George Lawrence was partial to big negatives and big cameras. He built one camera that weighed close to a ton (1400 lbs), which produced a negative eight feet long, still to this day the largest camera ever built, and also the largest negative as well. For aerial photography, he developed a lightweight version, only about 50 lbs in weight, which he lifted up with a string of as many as seventeen kites pulling together on a pair of steel wires. His aerial cameras had a curved film plane, and took a negative four feet wide, the largest negative ever used in aerial photography.

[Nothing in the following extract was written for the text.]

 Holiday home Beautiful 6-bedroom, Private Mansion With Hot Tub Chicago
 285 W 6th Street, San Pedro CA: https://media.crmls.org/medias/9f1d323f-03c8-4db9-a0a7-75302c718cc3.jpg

Although George was based in the Midwest, when he heard of the 1906 earthquake he recognized a business opportunity. He brought all his equipment out to California, and took a series of aerial pictures of the ruins of San Francisco. One of those pictures is included in Beaumont Newhall's book, Airborne Camera . Then he took time to travel around the area, and made more panoramic views of San Jose, Salinas, and Pacific Grove, as well as this picture of Santa Cruz.

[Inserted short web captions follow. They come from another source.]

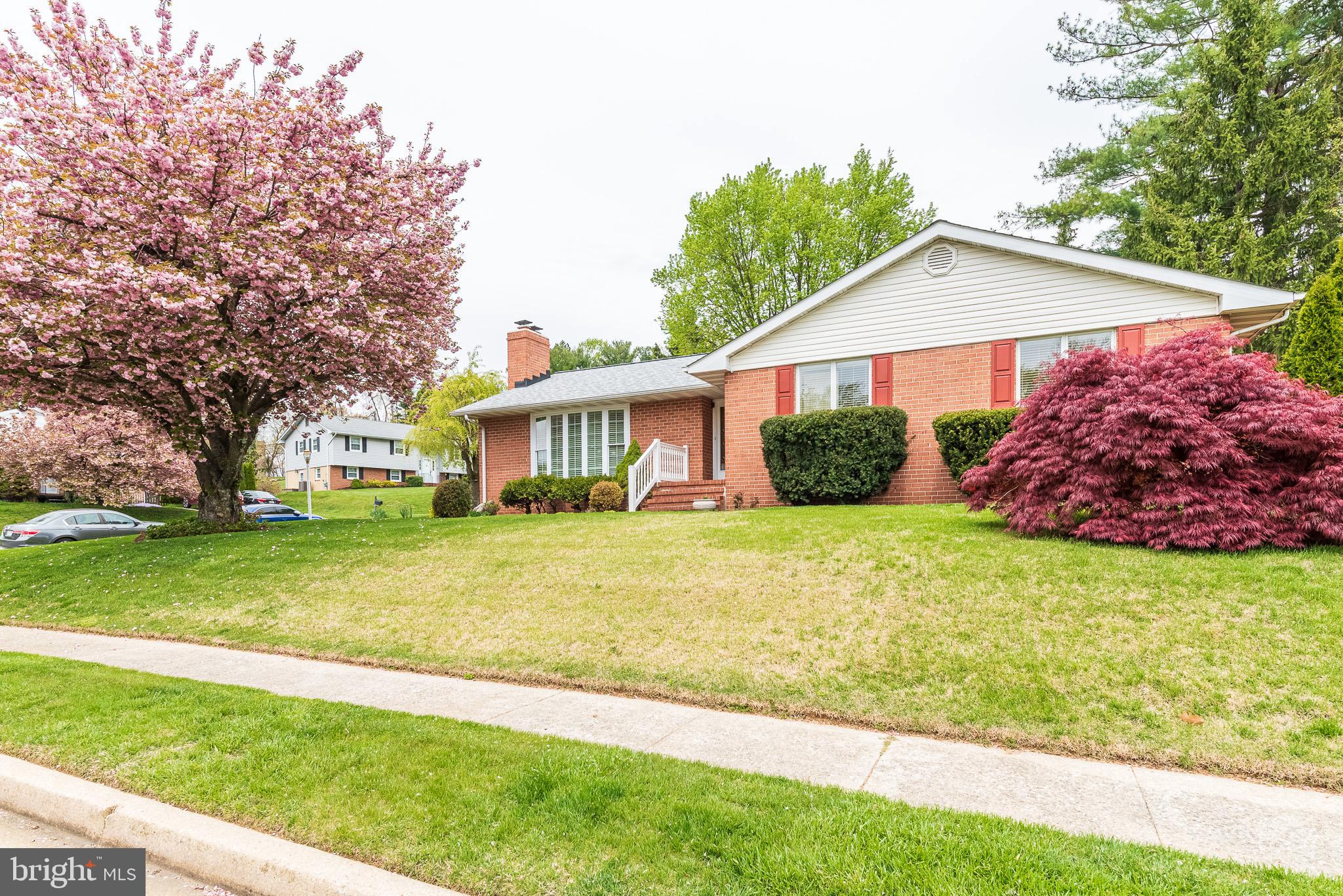 910 Breezewick Road Towson, MD 21286 - Photo 2 of 71 Gallery Image 2
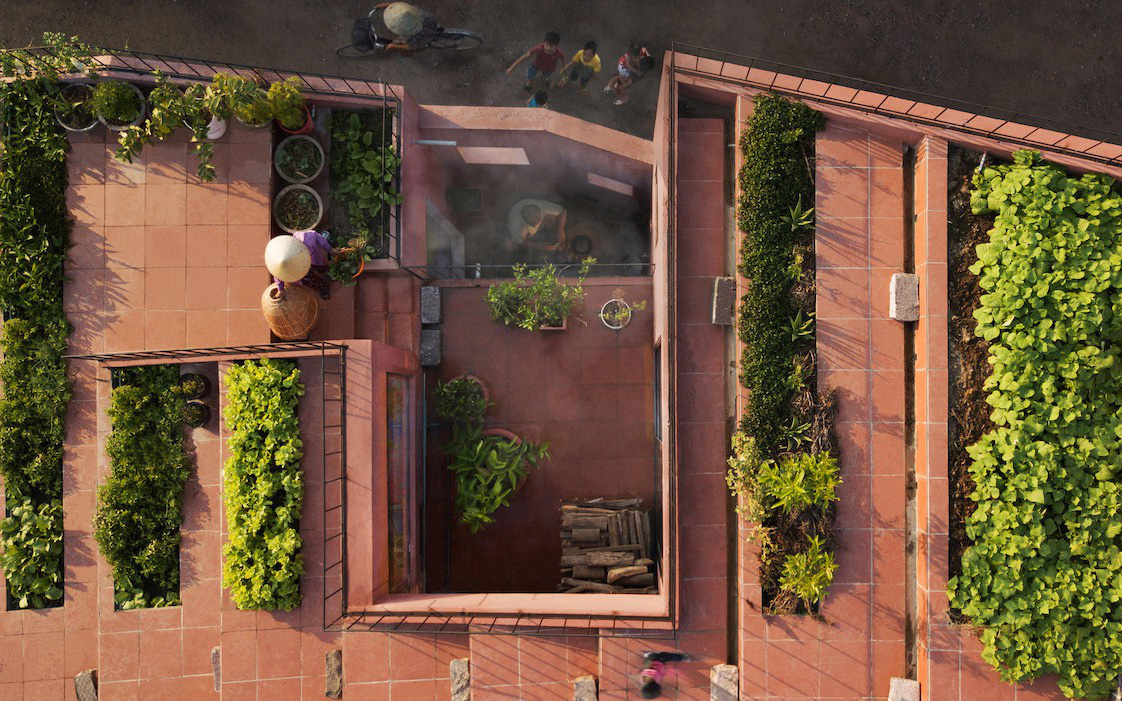 Ngôi nhà tại Việt Nam có 7 bậc thang trồng rau trên mái được quốc tế vinh danh
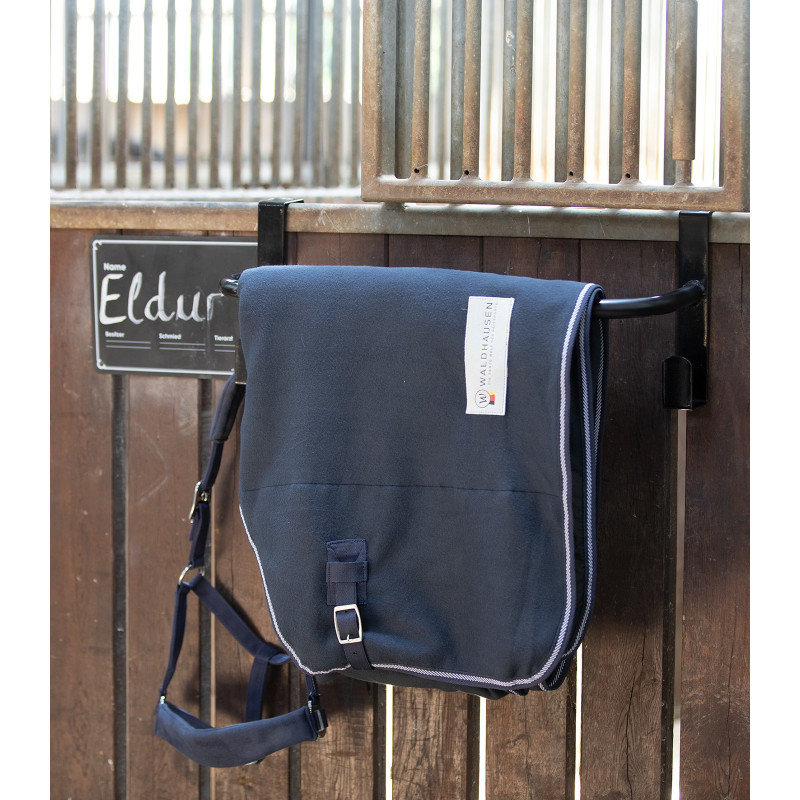 Porte couverture Waldhausen cheval réglable - Le Paturon
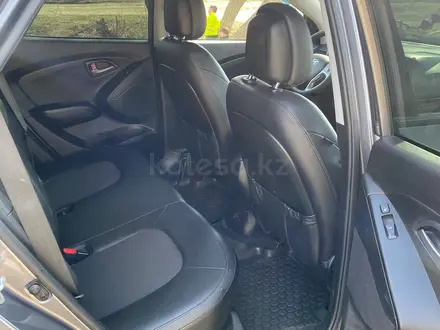 Hyundai Tucson 2014 года за 7 500 000 тг. в Уральск – фото 11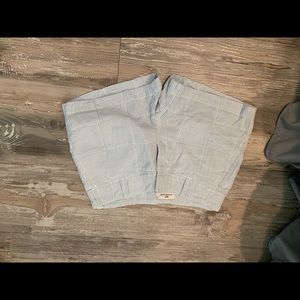 Vineyard vines shorts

In 1906 ocean front property wasn't yet crowded real estate. Most people chose to live near each other and near services and other supplies, closer to downtown. It is sobering to think that the people who lived in this landscape probably took what we see here as quite stable and settled, the way things were. Yet less than a century later, much has changed. So what we take for granted today may also look very different in another century. And changes can happen in cycles: over a century people moved into downtown, then they moved out, then they moved back again, so perhaps that cycle will just continue.

Below are some comments on buildings and places in the photo. Most of my background on the two wharves and the pier is from Ross Eric Gibson, who also had information on other buildings and properties. "Notes on the History of Wharves at Santa Cruz, California", by Frank Perry, Barry Brown, Rick Hyman, and Stanley D. Stevens, June, 2012, updated the wharves history. John Chase's "Sidewalk Companion to Santa Cruz Architecture" was a source of information on other buildings in the picture. And Bonnie Minford, the Boardwalk historian, researched archive records there to help fix the date of the photograph as June 24, 1906, the day before they started to lay down a temporary new floor on the charred pilings of the old Casino building that had burned down only two days before.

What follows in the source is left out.